In the case of Francis turbine, there are pressure regula­tors for discharging the water from the casing to the tailrace at the time of drop in load. The regulators close as fast as the guide vanes open and vice versa.

The governor should be quite sensitive to variations in the shaft speed and should be rapid in action but not so rapid as to cause water hammer in the penstock. The governing systems for the modern hydraulic turbines have a regulating time of 3-5 seconds.

Simplified arrangement of a water turbine governor is illustrated in Fig. 2.22. The principal elements of the gover­nor are:

1. The speed-responsive element—usually flyball mecha­nism or speed (centrifugal) governor.

2. Control valve or relay valve to supply fluid under pressure to the power cylinder (servomotor) in order to actuate the turbine control mechanism. The use of control valve and servomotor is to amplify the small force created by the flyballs.

3. The restoring mechanism or follow-up linkage to hold the servomotor in required fixed position when the turbine output and load demand are equalised.

4. The fluid pressure supply required for the action of servomotor.

The flyballs may be belt driven, as shown in Fig. 2.22 or driven by a small electric motor fed from a separate gen­erator operated in synchronism with the turbine. When the load on the turbine decreases, the speed of the turbine in­creases, consequently, the flyballs also rotate at high speed and move outwards. The floating lever gets lifted up, control valve is displaced upwards from its central or dead beat po­sition, the upper port is uncovered and the oil flows from a pressure tank through the port into the right hand end of the servomotor cylinder.
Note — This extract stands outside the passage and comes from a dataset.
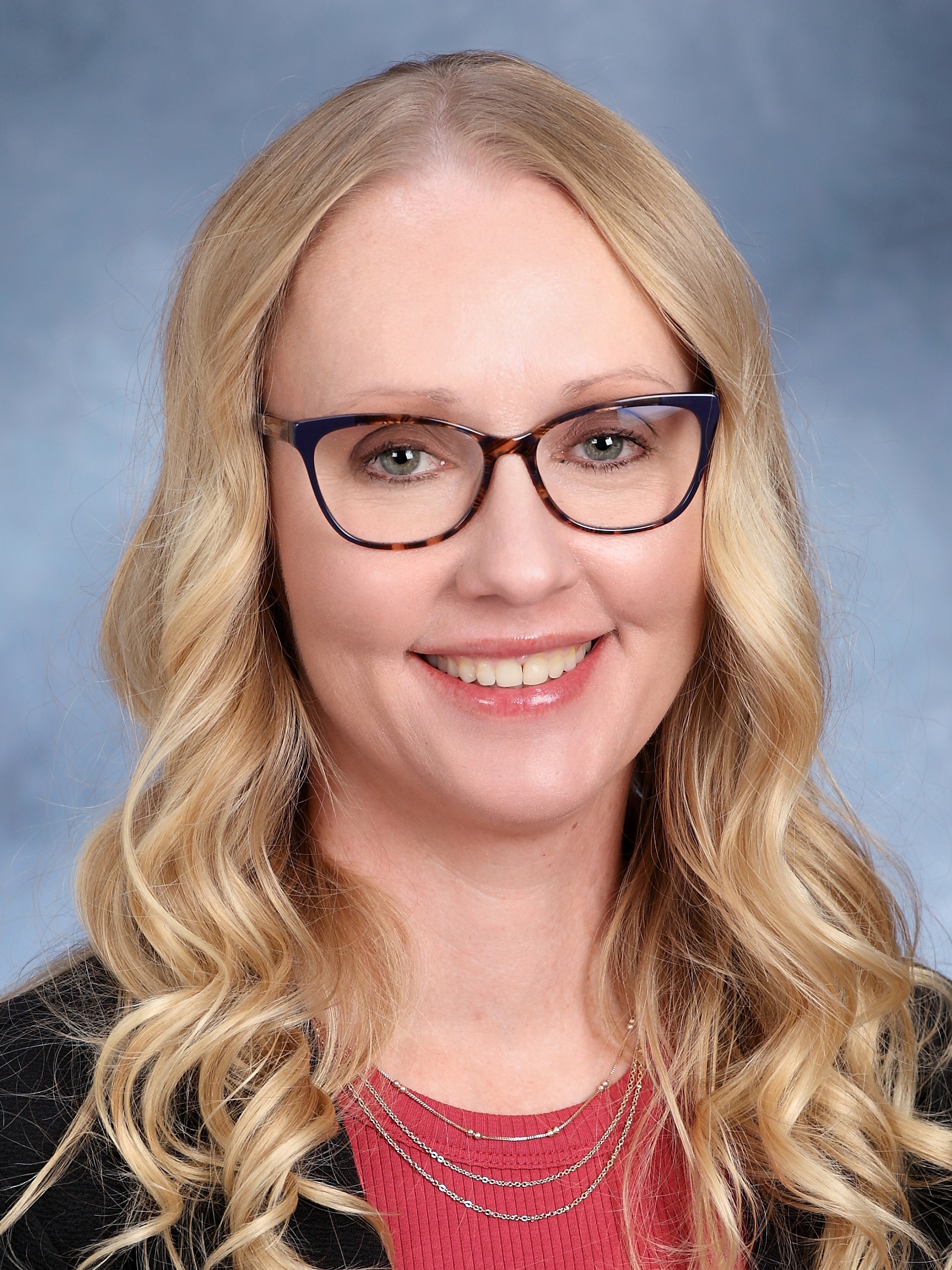 Dr. Amy Nyquist, OD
The piston moves to the left and closes the nozzle with the help of a spear in the case of Pelton wheels and adjusts the guide vanes in the case of reaction turbines. In case of increase of load on the generator, the speed of the turbine will decrease and the reverse action would take place. The restoring or follow up linkage resets the relay; pilot or control valve after the servomotor piston has adjusted the water control mechanism.

In case of Pelton wheel a combined spear and deflector regulation is employed in order to avoid water hammer in the penstock. In case of decrease of load on turbine, the deflector, which is usually a plate connected to the servomo­tor by means of levers, is brought in between the nozzle and buckets, thereby, diverting water away from the runner and directing into the tailrace. In the mean time, the spear has been adjusted to the new position of equilibrium and the deflector plate is moved out of the path of water nozzle.

#### Selection of Water Turbines:

The selection of a water turbines depends upon various fac­tors such as working head, available discharge, speed, output and nature of load. The effective head under which the tur­bine is to operate gives the first guide to the selection of the type of turbine. For very high head i.e., 500 metres and above, Pelton turbine is usually employed.

Reaction turbines are not suitable for such high heads as due to high velocity of water, there will be rapid wear and friction losses. For medium heads i.e., above 30 metres and below 500 metres, Francis turbine is usually adopted but impulse turbine may also be adopted even at the expense of efficiency. For low heads i.e., below 70 metres, propeller type of turbine is used.

In case of considerable variations in head and load, Kaplan turbine gives improved efficiency as compared to the fixed blade propeller turbine. Even for the same head, two differ­ent types of turbines may be employed. For example, for a head of 200 m either of the Pelton or Francis turbines can be used. Similarly for a head of 30 m, either of the Kaplan or Francis turbine can be employed. It is a general practice to select a runner of higher specific speed.

A runner of high specific speed will generate more power for the same head resulting in small size of the turbo-alternator and the power house. For larger output but at low head, a runner of high specific speed is used to keep the size of the turbo-alternator and power house smaller and economical. For high head and even with medium output plants, even a low specific speed runner will attain high rotational speed and a high specific speed runner need not be selected.